Aksi taktirde hazırlıklarımızı büyük ölçüde tamamladık, kendi stratejimiz doğrultusunda gereken adımları atmaya başlayacağız. Güvenli bölge teklifimiz terör örgütlerini Türkiye’nin kontrolünde bir şekilde sınırlarımızdan uzak tutma amacını taşıyor. Bir başka ifade ile biz Türkiye’ye karşı bir güvenli bölgeden değil, teröristlere karşı bir güvenli bölgeden söz ediyoruz.

Kuzey Irak’ta hala sıkıntılarını yaşadığımız türden ülkemize karşı yeni bataklık haline dönüşecek bir güvenli bölge uygulamasına asla izin veremeyiz. Suriye sınırımızı güvenli hale bizzat kendimiz getireceğiz. Bu çabamıza lojistik destek verecek herkesle birlikte çalışmaya hazırız. Bunu Sayın Trump’a da ifade ettim, siz bize lojistik destek verin DEAŞ’i biz buradan temizleriz.

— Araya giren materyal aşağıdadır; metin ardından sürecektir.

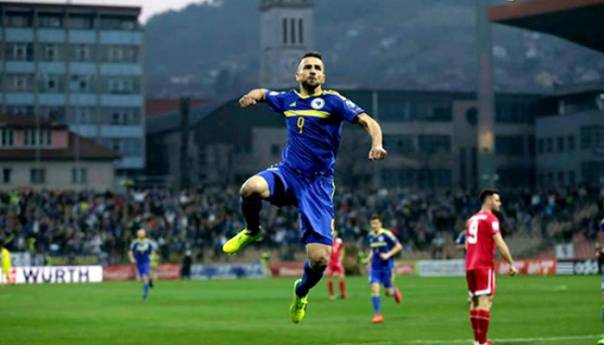 Vedad Ibišević djeci iz Vlasenice poslao po 100 KM bajramluka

Diğer terör örgütlerini buradan biz temizleriz. Bunları kendisine bizzat söyledim. Yeter ki siz bize lojistik desteği verin. Buradan açıkça belirtmek mecburiyetindeyim ki, Türkiye özellikle Suriye’de kendisine verilen sözlerin tutulmaması sebebiyle çok sıkıntılar yaşamış, bedeller ödemiştir. Sayın Obama döneminde verilen sözler yerine gelseydi Zeytinlik Harekatı ile zaten bütün işleri bitirmiş olacaktık.

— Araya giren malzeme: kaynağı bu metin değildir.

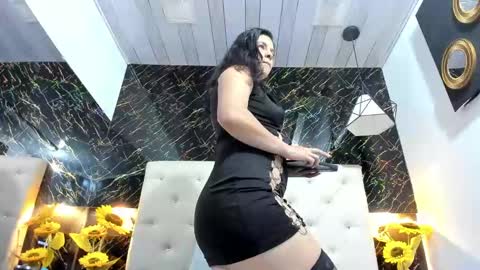 Alexa Smith  online show from 02/08/25, 05:40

Ama verilen sözleri tutmadılar. Şuanda Sayın Trump da onu tespit ediyor, teyit ediyor. Artık ülkemize ve milletimize yeni bedeller ödetilmesine rıza göstermeyeceğiz. Bedel ödeyecek birileri varsa o da sadece ülkemizi hedef alan terör örgütleridir, onları destekleyenlerdir. Güney sınırlarımızdaki Kıbrıs ve Ege’deki güvenlik sınırlarımızı çözerek ekonomideki ve diğer alanlardaki hedeflerimize doğru yürüyüşümüzü daha da hızlandırmakta kararlıyız” ifadelerini kullandı.